Flower and Chicken
November 13, 2019

Behzad's Advice of the Ascetic (c. 1500-1550). As in Western illuminated manuscripts, exquisitely decorated borders were an integral part of the work of art.

A Persian miniature (Persian: نگارگری ایرانی negârgari irâni) is a small Persian painting on paper, whether a book illustration or a separate work of art intended to be kept in an album of such works called a muraqqa. The techniques are broadly comparable to the Western and Byzantine traditions of miniatures in illuminated manuscripts. Although there is an equally well-established Persian tradition of wall-painting, the survival rate and state of preservation of miniatures is better, and miniatures are much the best-known form of Persian painting in the West, and many of the most important examples are in Western, or Turkish, museums. Miniature painting became a significant genre in Persian art in the 13th century, receiving Chinese influence after the Mongol conquests, and the highest point in the tradition was reached in the 15th and 16th centuries. The tradition continued, under some Western influence, after this, and has many modern exponents. The Persian miniature was the dominant influence on other Islamic miniature traditions, principally the Ottoman miniature in Turkey, and the Mughal miniature in the Indian sub-continent.

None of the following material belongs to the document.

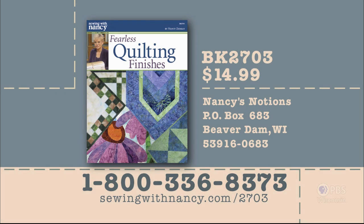Thank you for joining us on this program of Sewing with Nancy. You can find more information about Jennifer and her Elm Creek series, plus Mrs. Lincoln's Dressmaker, at nancyzieman.com. You can also re-watch 52 of our shows online — just click and watch. Join us on social media as well. Nancy has also written a fully illustrated book entitled Fearless Quilting Finishes that includes all the information from this three-part series, available for $14.99 plus shipping and handling. To order, call 800-336-8373 or visit sewingwithnancy.com/2703, order item number BK2703.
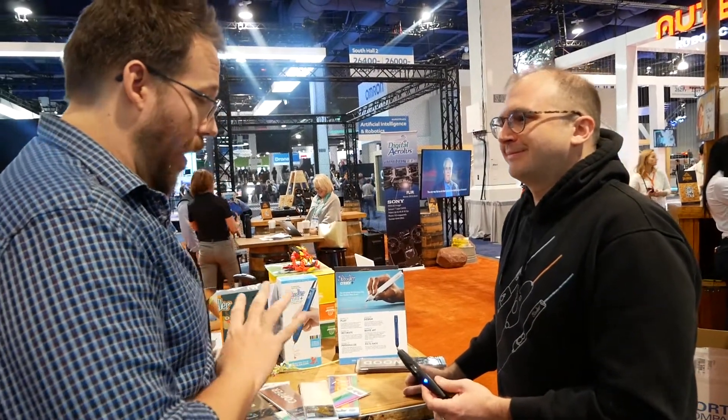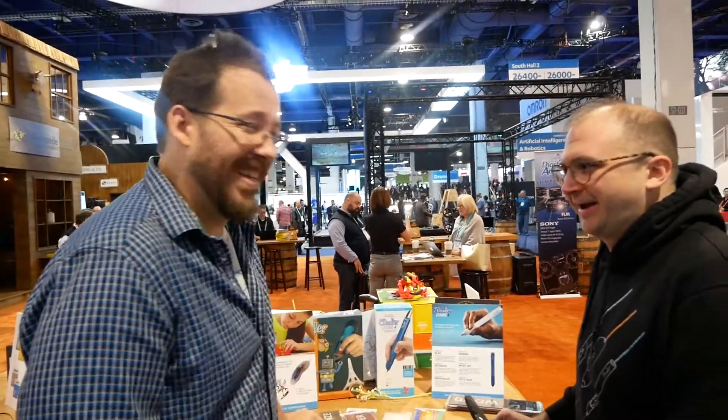That's awesome. Well, thank you so much for taking the time to talk with us about this. This is on my list — I can't wait!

Persian art under Islam had never completely forbidden the human figure, and in the miniature tradition the depiction of figures, often in large numbers, is central. This was partly because the miniature is a private form, kept in a book or album and only shown to those the owner chooses. It was therefore possible to be more free than in wall paintings or other works seen by a wider audience. The Qur'an and other purely religious works are not known to have been illustrated in this way, though histories and other works of literature may include religiously related scenes, including those depicting the Prophet Muhammed, after 1500 usually without showing his face.[1]

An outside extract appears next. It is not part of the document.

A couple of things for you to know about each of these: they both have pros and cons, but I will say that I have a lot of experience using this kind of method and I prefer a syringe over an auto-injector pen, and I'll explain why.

As well as the figurative scenes in miniatures, which this article concentrates on, there was a parallel style of non-figurative ornamental decoration which was found in borders and panels in miniature pages, and spaces at the start or end of a work or section, and often in whole pages acting as frontispieces. In Islamic art this is referred to as "illumination", and manuscripts of the Qur'an and other religious books often included considerable number of illuminated pages.[2] The designs reflected contemporary work in other media, in later periods being especially close to book-covers and Persian carpets, and it is thought that many carpet designs were created by court artists and sent to the workshops in the provinces.[3]
In later periods miniatures were increasingly created as single works to be included in albums called muraqqa, rather than illustrated books. This allowed non-royal collectors to afford a representative sample of works from different styles and periods.

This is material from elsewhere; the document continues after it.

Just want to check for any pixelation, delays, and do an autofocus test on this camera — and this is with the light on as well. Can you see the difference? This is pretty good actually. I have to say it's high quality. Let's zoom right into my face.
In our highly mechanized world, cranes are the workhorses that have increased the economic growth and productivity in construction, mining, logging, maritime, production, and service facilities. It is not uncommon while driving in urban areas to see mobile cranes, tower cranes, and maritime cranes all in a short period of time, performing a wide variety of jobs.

The bright and pure colouring of the Persian miniature is one of its most striking features. Normally all the pigments used are mineral-based ones which keep their bright colours very well if kept in proper conditions, the main exception being silver, mostly used to depict water, which will oxidize to a rough-edged black over time.[4] The conventions of Persian miniatures changed slowly; faces are normally youthful and seen in three-quarters view, with a plump rounded lower face better suited to portraying typical Central Asian or Chinese features than those of most Persians. Lighting is even, without shadows or chiaroscuro. Walls and other surfaces are shown either frontally, or as at (to modern eyes) an angle of about 45 degrees, often giving the modern viewer the unintended impression that a building is (say) hexagonal in plan. Buildings are often shown in complex views, mixing interior views through windows or "cutaways" with exterior views of other parts of a facade. Costumes and architecture are always those of the time.[5]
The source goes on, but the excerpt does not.